Amavet has been in discussions with an Argentine vaccine manufacturer to secure a supply for Viet Nam. However, the vaccines are not held in ready stock, meaning an order-to-delivery lead time of roughly two months is required. The product must then undergo a further two months of safety and efficacy evaluation before it can be administered. Animals subsequently need 28 to 56 days to develop antibodies after vaccination.
"If you account for the entire process, from placing a production order and quality testing through to the animal achieving active immunity, the timeline is around four to five months," Bach said.
To date, Vietnam has only recorded FMD serotypes O, A and Asia1; SAT1 has not been detected in the country.

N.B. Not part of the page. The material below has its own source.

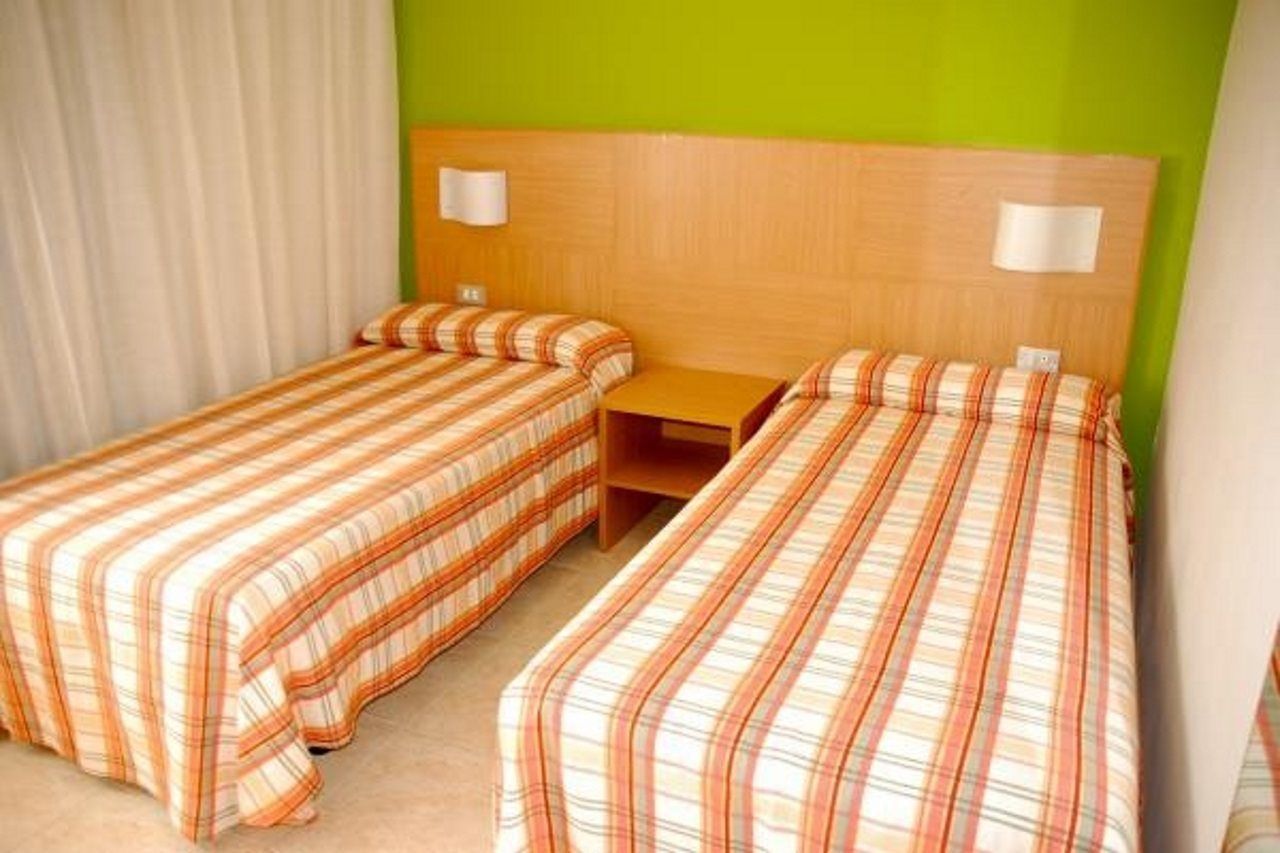 California Apartments Salou Luaran gambar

Photo: Baotintuc.
The company urged regulators to streamline administrative procedures to help secure a vaccine supply ahead of any potential outbreak.

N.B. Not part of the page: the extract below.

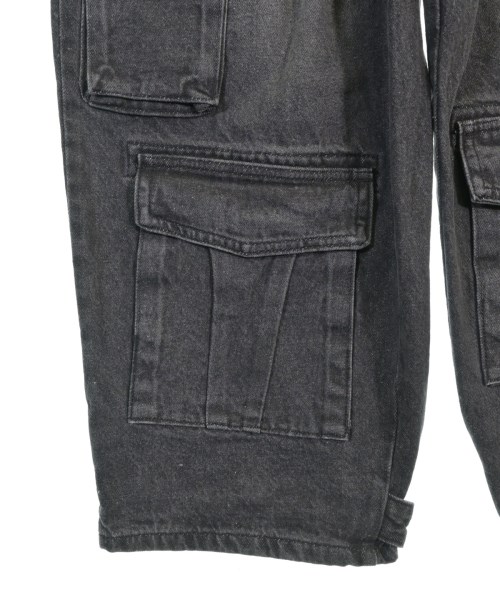 Cuirs（キュイー）カーゴパンツ 黒 サイズ:M メンズ/2200670719051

Duong Tat Thang, Director of the Department of Animal Health and Production, addressing the meeting, stressed that any vaccine import must simultaneously satisfy technical requirements, epidemiological safety standards, and full legal compliance. While procedures should move faster given the heightened risk environment, he said, testing protocols, product verification and quality oversight cannot be bypassed.
He also flagged Viet Nam's heavy reliance on imported vaccines and raw materials, calling for proactive supply chain planning and a gradual build-up of domestic vaccine manufacturing capacity.
Closing the meeting, Deputy Minister Nguyen Quoc Tri acknowledged that SAT1 has not been found in Viet Nam but cautioned that complacency would be dangerous. He called for immediate reinforcement of controls over cross-border livestock transport and trade, with particular attention to informal trails, unofficial crossings and official border gates.
Units were instructed to monitor disease developments in neighboring countries closely, intensify epidemiological surveillance and testing, and press local authorities to implement existing disease prevention measures rigorously.
On vaccines, the Deputy Minister said preparing an import plan is necessary given that Viet Nam does not yet produce a vaccine for this strain, but any procurement must follow established regulations, guarantee product quality, match the correct viral strain and reflect actual field requirements. Cold chain capacity, distribution logistics and administration readiness must also be prepared in parallel, he added.
Looking beyond the immediate threat, ministry leadership called on relevant units to study ways to strengthen domestic vaccine production capacity for greater long-term self-sufficiency. The Deputy Minister also tasked technical agencies with drafting an emergency vaccine import framework to enable rapid response if an outbreak materializes.